Upon entering Rupert Bevans world for a little while, it is like a warm embrace I didn’t want to break apart. The snippet of life he so carefully constructs is gentle yet hard-hitting, real yet meticulously dolled-up. He laments. The gay clubs are filled with straight men, his well-meaning straight girl friend’s aloofness isolates him, the gender and queer studies course he takes at uni studies the very dynamics he faces. Naturally, we froggy jump through dating apps, reminiscing about the first loves and first times, smiling, laughing about the things that we can.
And smile we do, when attention is completely captured by Bevan’s captivating self-expression. He has the look in his eyes that holds the glamour and tragedy of a 60’s housewife. The pain is restrained but completely portrayed as the boyish heartbreak is as carefully sewn as the heartbreak that matures. Poised all while all-over the place when life falls apart.

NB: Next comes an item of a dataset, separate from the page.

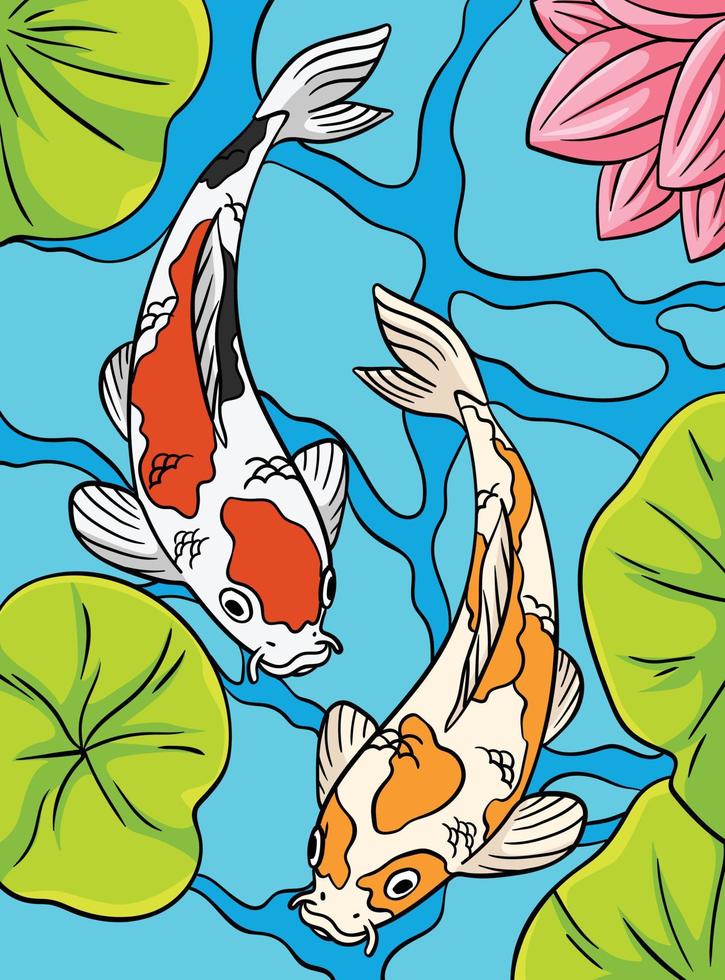 koi peixe colori desenho animado ilustração vetor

Though the acting is theatrical and incredibly hilarious, it manages to remain in the realm of realism. The performance meets the writing perfectly. The language is simple yet pointed. And really, it is a breath of fresh theatre to hear words so real and universal that manage never to sound cliched. It comes from an honesty that is obvious and ceaselessly admirable. Tightropes masterfully walked meant heartbreak, humour, lows and highs are layered with care.
The show illuminates a warm glow. A rose-tinted filter obstructs vision in the most wonderful way. It is as if we share the rose tinted glasses that are on Bevan’s face, as opposed to watching him wear them. I can only describe it as watching a film on a stage. Thanks to tastefully cinematic music or lighting that dims ever so slowly. The scenes are so emphatically glamourous.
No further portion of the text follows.